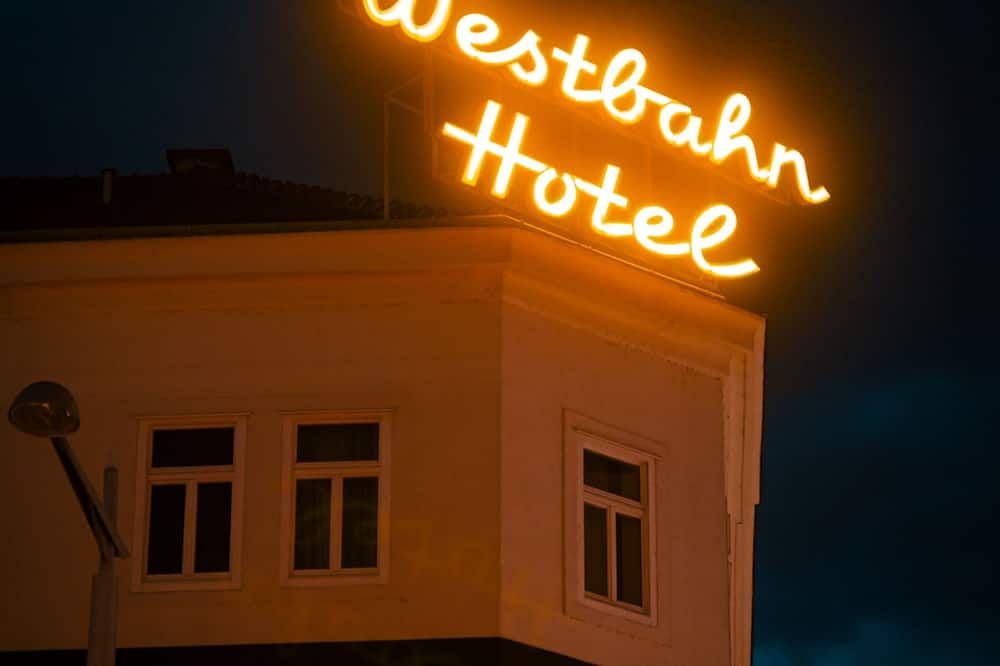 Gebäude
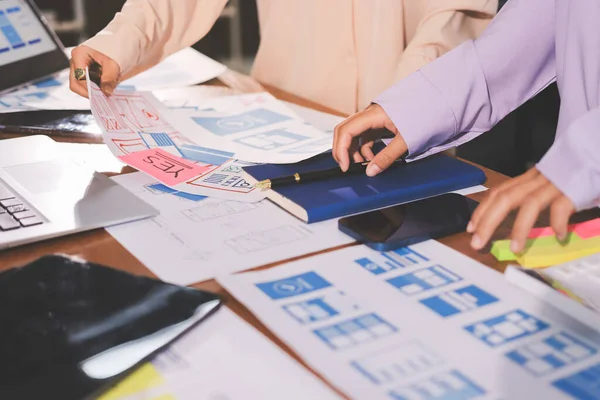 Mobil uygulama arayüzü kablo dizaynı hakkında modern ofisteki müşteri breif ve renk kodu ile fikir alışverişinde bulunan uu geliştirici ve ui tasarımcısını kapat. Yaratıcı dijital geliştirme ajansı.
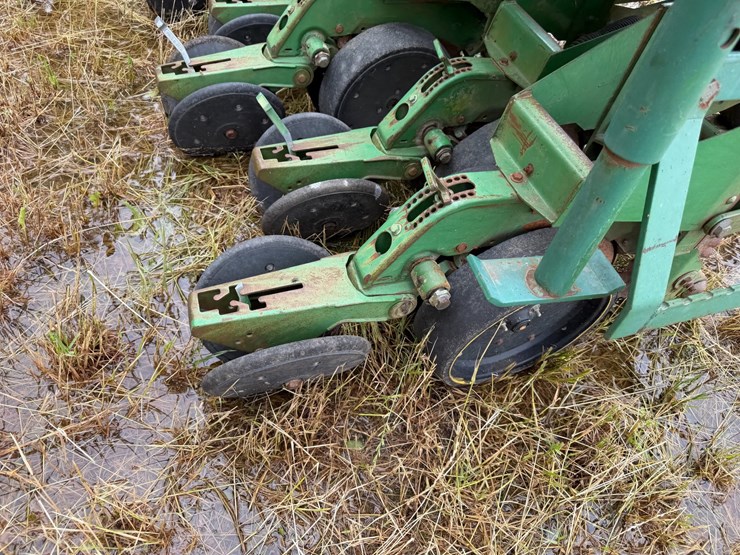 john-deere-530-image-12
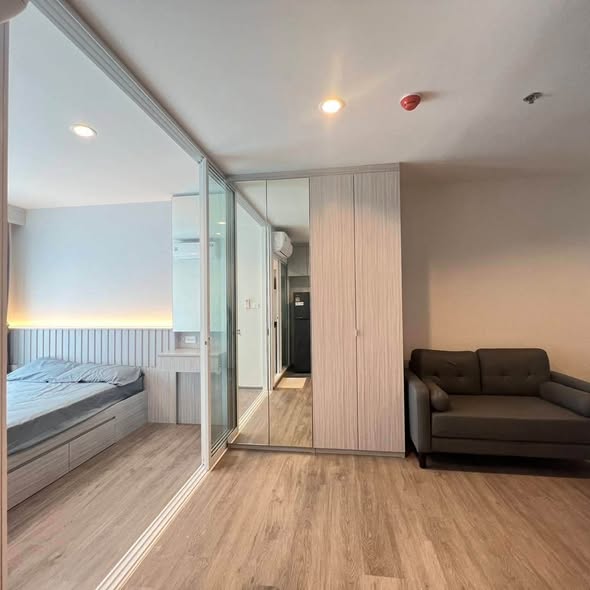 bedroom and room interior of Regent Home Bangna (รีเจ้นท์โฮม บางนา)
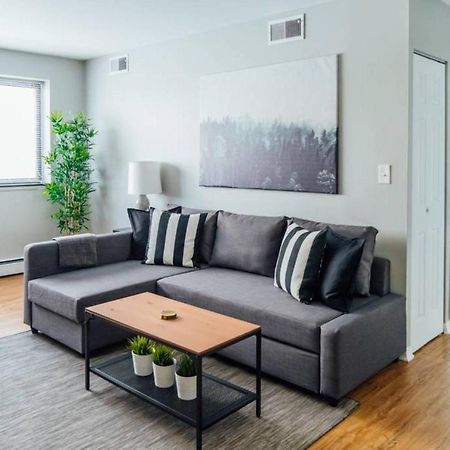 1Br Stylish Apartment, Perfect For Getaway - Oakdale 201 シカゴ エクステリア 写真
= = = = = = =
-- TASK GOAL --
Beginning with the line containing "Mobil uygulama arayüzü" and ending with the last line of the data above, repeat each line exactly. Include no pictures and no other lines.

-- RESPONSE FOR THIS EXERCISE --
 Mobil uygulama arayüzü kablo dizaynı hakkında modern ofisteki müşteri breif ve renk kodu ile fikir alışverişinde bulunan uu geliştirici ve ui tasarımcısını kapat. Yaratıcı dijital geliştirme ajansı.
 john-deere-530-image-12
 bedroom and room interior of Regent Home Bangna (รีเจ้นท์โฮม บางนา)
 1Br Stylish Apartment, Perfect For Getaway - Oakdale 201 シカゴ エクステリア 写真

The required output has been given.